2.2 Practicability Exceptions
2.2.1 General
ASC 820-10
Practicability Exceptions to This Topic
15-3 The Fair Value Measurement
Topic does not eliminate the practicability exceptions
to fair value measurements within the scope of this
Topic. Those practicability exceptions to fair value
measurements in specified circumstances include, among
others, those stated in the following:
a. The use of a transaction price (an entry
price) to measure fair value (an exit price) at
initial recognition, including the
following:
1. Guarantees in
accordance with Topic 460
2. Subparagraph superseded
by Accounting Standards Update No. 2009-16.
b. Subparagraph superseded by Accounting
Standards Update No. 2016-01.
1. Subparagraph superseded
by Accounting Standards Update No. 2016-01.

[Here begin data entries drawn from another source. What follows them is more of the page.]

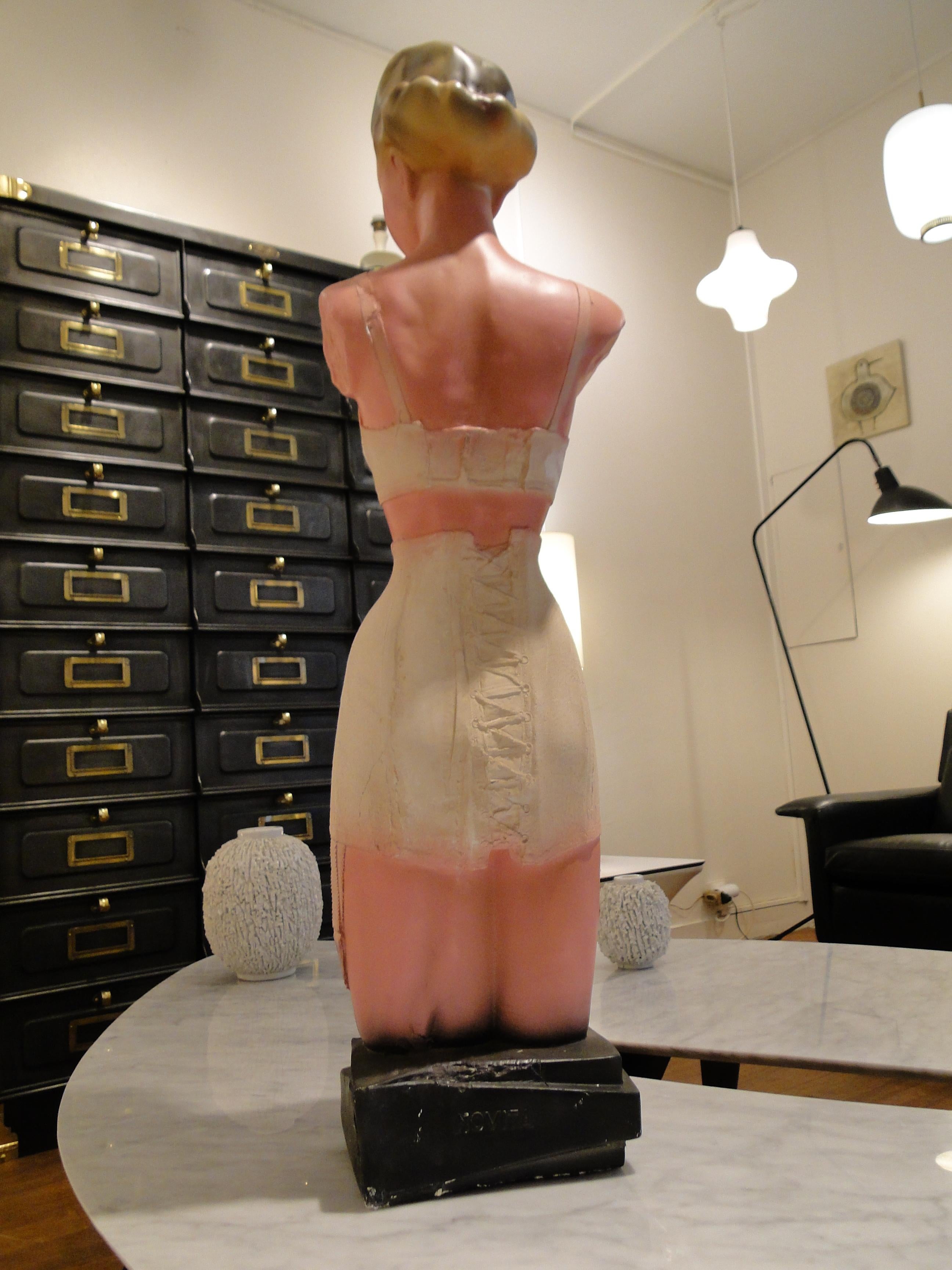 Christian DIOR mannequin from the 50s in plaster. 
Good condition.
 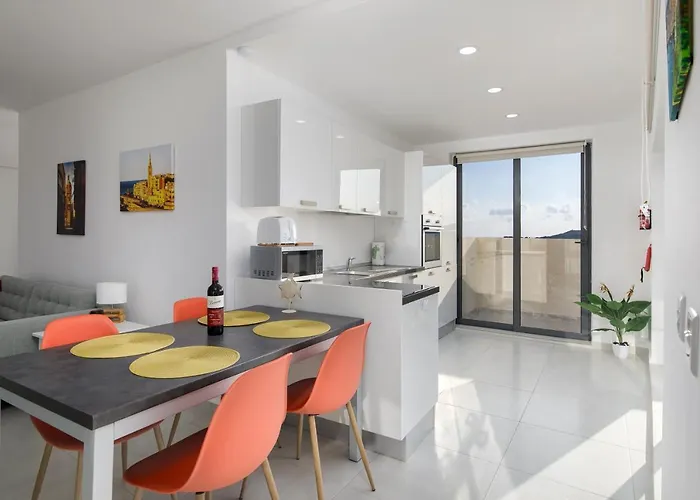 Modern 2 Bedroom Penthouse With Huge Terrace And Sea Views - 2 Mins From Sea - Qawra Appartement *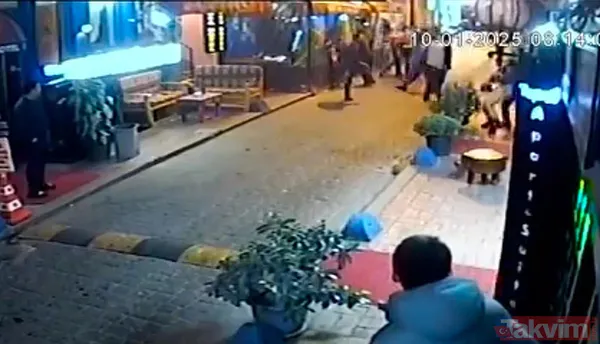 Taksim'de alkollü iki kadın birbirine girdi: Kavga anı kamerada - 4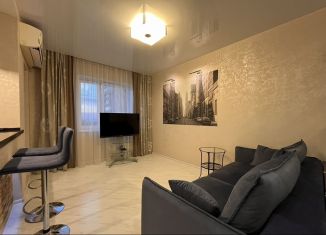 Аренда 2-ком. квартиры, 60 м2, Тула, улица Михеева, 19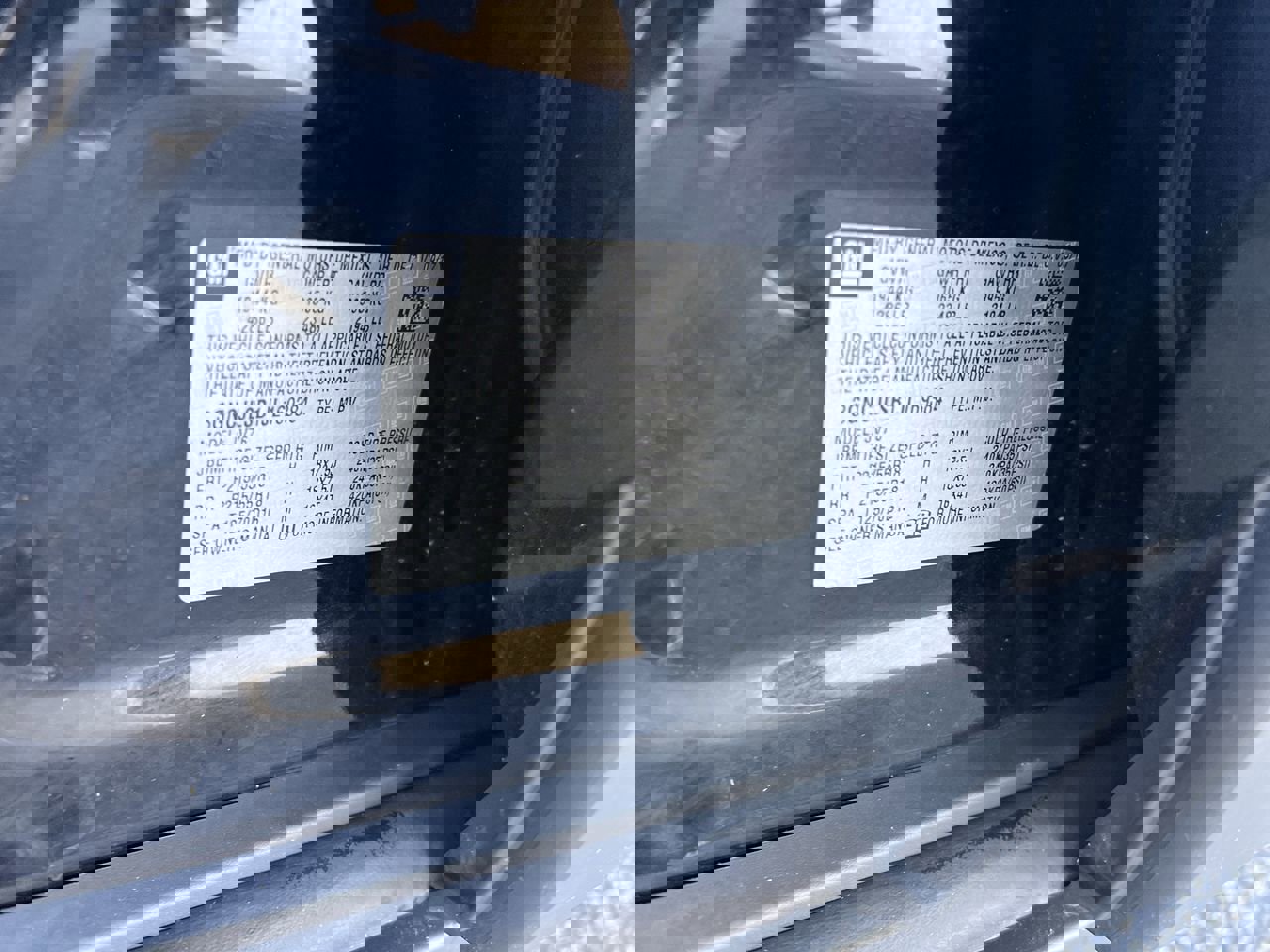 Used 2018 Chevrolet Trax LT w/ Redline Edition image 36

2. Subparagraph superseded
by Accounting Standards Update No. 2009-16.
c. An exemption to the requirement to measure
fair value if fair value is not reasonably
determinable, such as all of the following:
1. Nonmonetary assets in
accordance with Topic 845 and Sections 605-20-25
and 605-20-50
2. Asset retirement
obligations in accordance with Subtopic 410-20 and
Sections 440-10-50 and 440-10-55
3. Restructuring
obligations in accordance with Topic 420
4. Participation rights in
accordance with Subtopics 715-30 and 715-60.
d. Subparagraph superseded by Accounting
Standards Update No. 2015-10.
e. The use of particular measurement methods
referred to in paragraph 805-20-30-10 that allow
measurements other than fair value for specified
assets acquired and liabilities assumed in a
business combination.
ee. Financial assets or financial liabilities
of a consolidated variable interest entity that is
a collateralized financing entity when the
financial assets or financial liabilities are
measured using the measurement alternative in
paragraphs 810-10-30-10 through 30-15 and
810-10-35-6 through 35-8.
f. An exemption to the requirement to measure
fair value if fair value cannot be reasonably
estimated, such as the following:
1. Noncash consideration
promised in a contract in accordance with the
guidance in paragraphs 606-10-32-21 through
32-24.
ASC 820-10-15-3 discusses various practicability exceptions that allow entities
to recognize certain items at amounts other than fair value. These practical
expedients merely acknowledge the measurement exceptions provided in other
Codification topics. See Section 2.3 for
further discussion of these practical expedients.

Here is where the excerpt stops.